Julius Coles Jr.

No. 6 – Al-Muharraq
- Position: Shooting guard / point guard

Personal information
- Born: January 15, 1989 (age 37) Harlem, New York
- Listed height: 6 ft 4 in (1.93 m)
- Listed weight: 193 lb (88 kg)

Career information
- High school: Fessenden Blair Academy
- College: Canisius (2007–2011)
- NBA draft: 2011: undrafted

Career history
- 2012–2013: Schwelm
- 2013–2014: HKK Široki
- 2014–2015: Lirija
- 2015: Ittihad Tanger
- 2015: Prishtina
- 2019–2021: Al-Wakrah
- 2022: US Monastir
- 2022: Al Morog
- 2022–2023: Al Bataeh Club
- 2023–present: Al-Muharraq

Career highlights
- BAL champion (2022); Qatari Cup winner (2020);

= Julius Coles Jr. =

American professional basketball player

Julius V Coles Jr. (born January 15, 1989) is an American professional basketball player who plays for Al Bataeh Club in the UAE National Basketball League. He played college basketball for the Canisius Golden Griffins. Coles Jr. played for US Monastir when they won the 2022 BAL championship.

== Professional career ==
Coles Jr. signed his first professional contract in 2012, with the German team EN Baskets Schwelm of the national third level. The following season, he played for HKK Široki of the Basketball Championship of Bosnia and Herzegovina.

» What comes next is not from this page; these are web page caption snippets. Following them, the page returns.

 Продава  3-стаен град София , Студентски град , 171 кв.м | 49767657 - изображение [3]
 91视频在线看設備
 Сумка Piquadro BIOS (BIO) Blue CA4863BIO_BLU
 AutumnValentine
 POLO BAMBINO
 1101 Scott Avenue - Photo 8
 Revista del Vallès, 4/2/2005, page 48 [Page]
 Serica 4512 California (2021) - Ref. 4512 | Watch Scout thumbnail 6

In the 2014–15 season, Coles Jr. played for Lirija in Macedonia. He then moved to Ittihad Tanger in the Moroccan Division Excellence. In January 2015, Coles Jr. signed with KB Prishtina.

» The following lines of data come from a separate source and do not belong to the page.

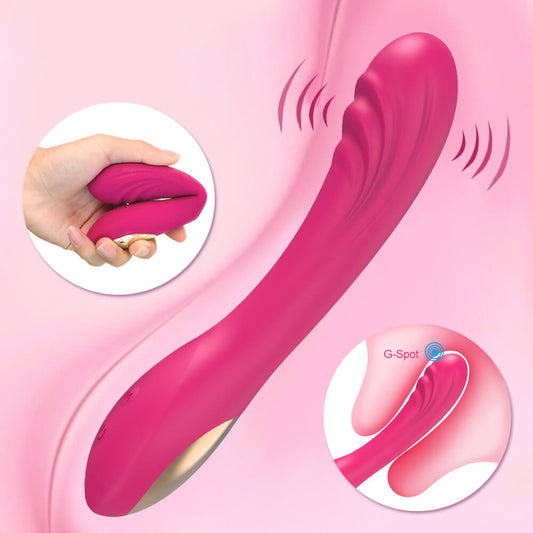 Powerful-G-Spot-Dildo-Vibrator-with-Female-Vibrating-Masturbation-Clitoris-Stimulator-Rechargeable-Adult-Goods-Sex-Toy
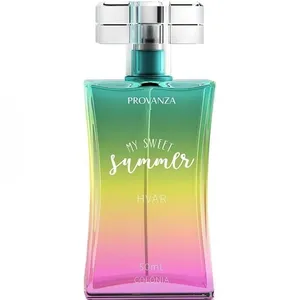 Provanza My Sweet Summer perfume bottle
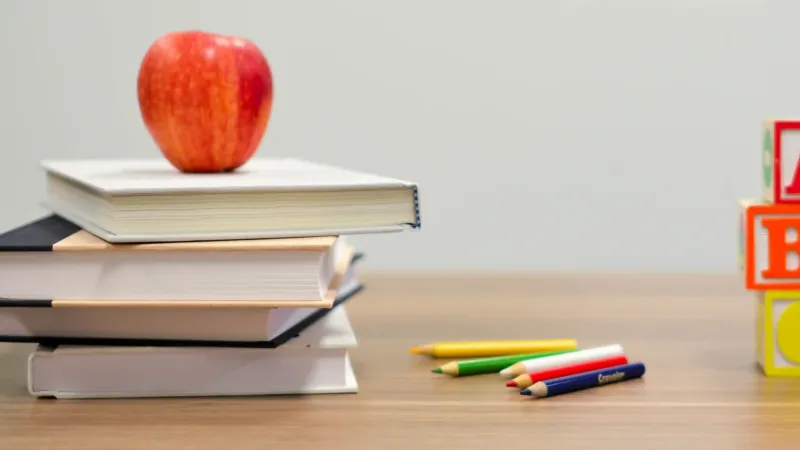 Aprenda como abrir uma escola de cursos com essas 8 dicas!
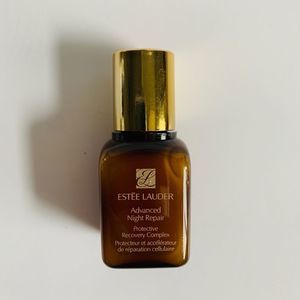 Estee Lauder Advanced Night Repair Recovery Comple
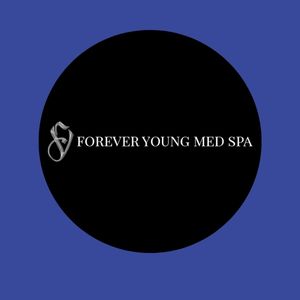 Forever Young Medical Spa Botox in Philadelphia, Pa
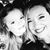 Julienne Huftalen's profile image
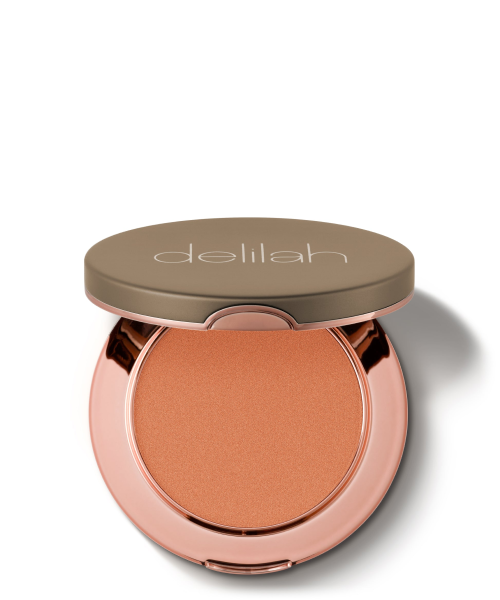 Pure Light - Illuminating Blush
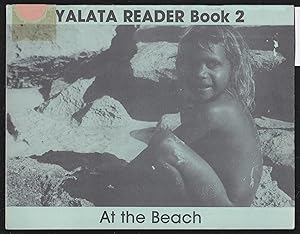 Yalata Reader Book 2 - At the Beach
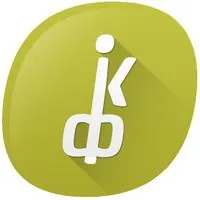 Comikey icon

In 2019, Coles Jr. signed for Al-Wakrah of the Qatari Basketball League. He helped them win the 2020 Qatar Cup after scoring 19 points in the final against Al-Gharafa.

Coles Jr. joined Tunisian club US Monastir in May 2022, ahead of the 2022 BAL Playoffs. He went on to win the BAL championship with Monastir, starting and contributing 6 points and 4 assists in the finals.

On June 1, 2022, Coles Jr. joined Al Morog of the Libyan Division I. In October 2023, Coles made his debut for Bahraini club Al-Muharraq in the 2023 Arab Club Basketball Championship.

== Personal ==
Coles Jr. is the son of Sonya Pittman. He earned an undergraduate degree in communications in 2010.